About this task.
Could the data below be copied exactly, minus the pictures?

Data block.

______

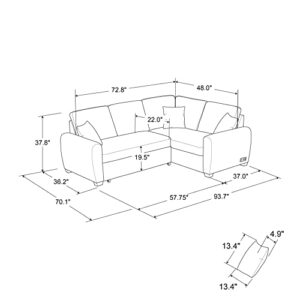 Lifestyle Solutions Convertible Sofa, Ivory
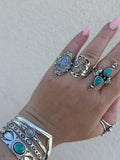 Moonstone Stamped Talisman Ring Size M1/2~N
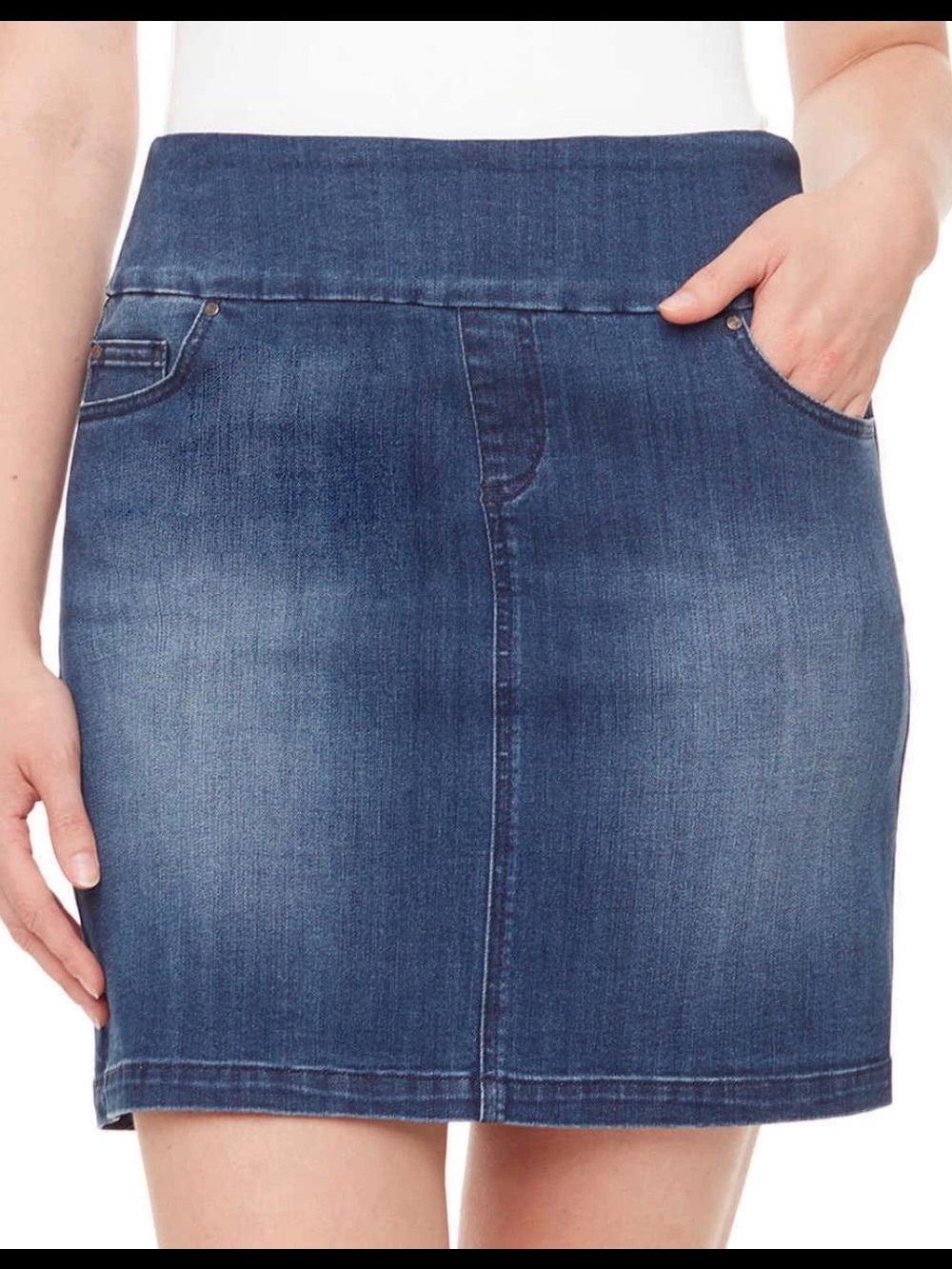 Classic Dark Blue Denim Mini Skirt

______

Response to this exercise.
 Lifestyle Solutions Convertible Sofa, Ivory
 Moonstone Stamped Talisman Ring Size M1/2~N
 Classic Dark Blue Denim Mini Skirt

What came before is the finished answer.